Protocoles et visions du monde
Il est désormais devenu évident que les algorithmes portent une vision du monde. Les travaux éclairants de Dominique Cardon en français et de Ted Striphas en anglais (pour n'en citer que deux) on démontré qu'un algorithme est toujours une machine morale qui représente et promeut des valeurs particulières et une culture spécifique.
Il me semble qu’en revanche on ne parle pas assez de la fonction normative des protocoles. Peut être parce que ces derniers semblent moins complexes et qu’ils ne touchent pas directement aux contenus. En effet, les protocoles agissent de façon plus discrète, mais leur fonction de structuration de nos pratiques a un impact très fort sur notre culture. Un protocole est un ensemble de règles formelles à suivre afin de réaliser une tâche. Un exemple: le code de la route. Ce protocole ne nous dit pas où nous devons aller avec une voiture, mais, une fois que nous avons défini ou nous voulons aller, il nous dit comment le faire: en s’arrêtant au rouge, en dépassant à gauche - où a droite - en s’arrêtant au stop, en allumant les phares la nuit etc. Nos pratiques numériques sont réglées par des milliers de protocoles. En 2004 Alexander Galloway réalisait le travail le plus important sur les implications politiques des protocoles: Protocol: How Control Exists after Decentralization. Il y montrait quels sont les valeurs qui structurent internet en proposant une analyse précise des spécifications techniques des protocoles à la base du réseau des réseaux: le TCP/IP et les DNS. Depuis, à ma connaissance, il y a peu de travaux exhaustifs sur cette question.

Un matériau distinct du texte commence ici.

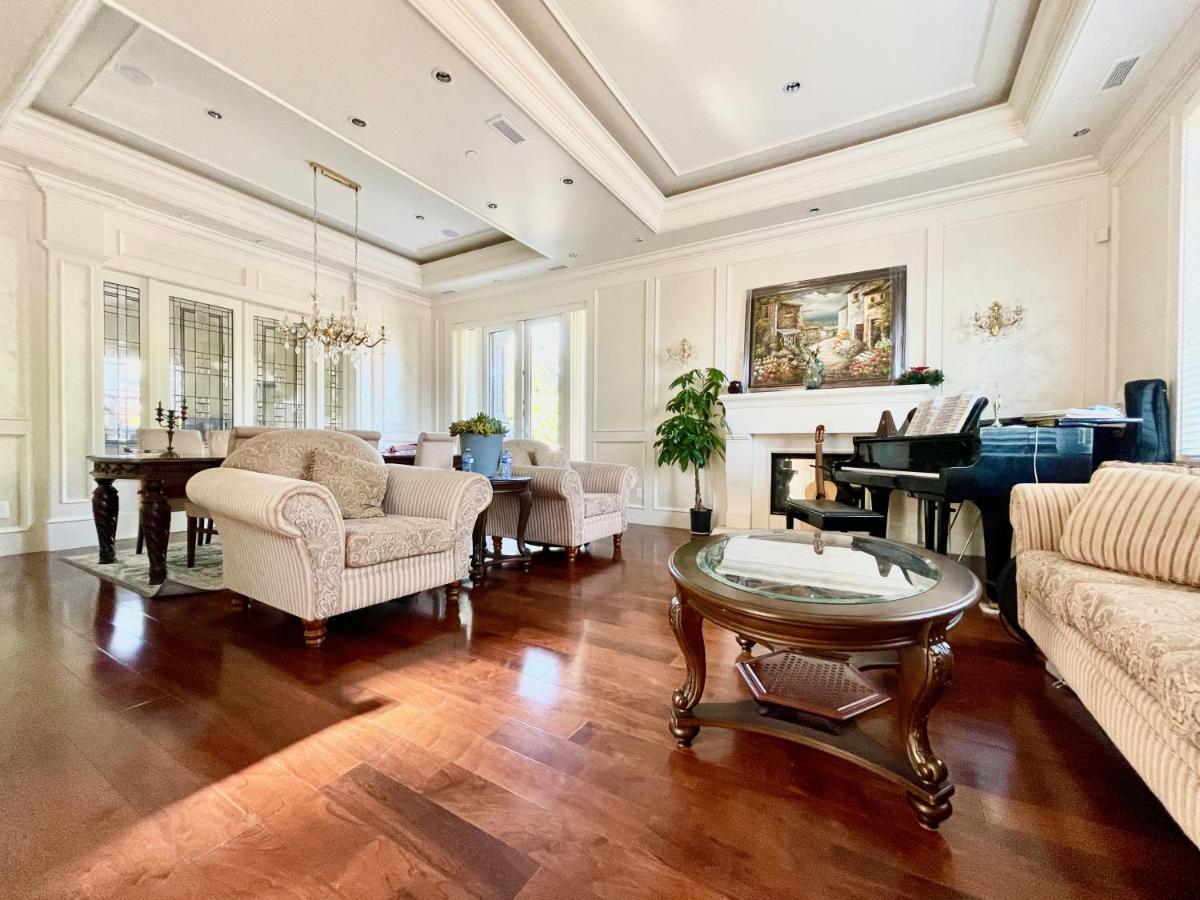 Gasthof Luxury Vancouver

Pourtant les protocoles se multiplient et derrière eux on peut identifier des véritables questions de société qu’il faudrait soulever et analyser ce qu’on ne peut faire qu’en développant une étude précise des techniques et des règles qui les régissent.
Geert Lovink a récemment proposé un travail de ce type sur le fonctionnement de la blockchain telle qu’elle est utilisée par Bitcoin en montrant que finalement cette criptomonnaie loin de proposer des modèles économiques alternatifs, réplique les mêmes dynamiques du capitalisme traditionnel. Peppe Cavallari travaille à une thèse ou il analyse les implications des protocoles d’échange des données des applications mobiles comme WhatsApp sur notre conception de la présence. J’ai eu plusieurs discussions récemment avec mon collègue Emmanuel Château-Dutier et avec Nicolas Sauret sur les implications du protocole HTTP et sur ses retombées sur les formats de balisages et en particulier HTML et XML - il y a dans les spécifications de ces langages des différends majeurs sur la conception de ce qu’est un document, de ce qu’est le savoir, et de ce qu’est et doit être l’édition. D’autres protocoles mériteraient à mon avis une analyse plus approfondie. Par exemple, git, le protocole de versionnage de documents le plus utilisé dans la production du code informatique qui commence à être beaucoup utilisé aussi pour d’autres types de versionnages, aussi en sciences humaines. Les questions à se poser seraient: quelle est l’idée de version sur laquelle git est basé et quelle conception du document et des versions il propose? Quels sont les rapports entre sa vision du travail participative et du coauthoring et les notions qui ont structuré la tradition éditoriale en sciences humaines , par exemple dans le domaine de l’édition critique?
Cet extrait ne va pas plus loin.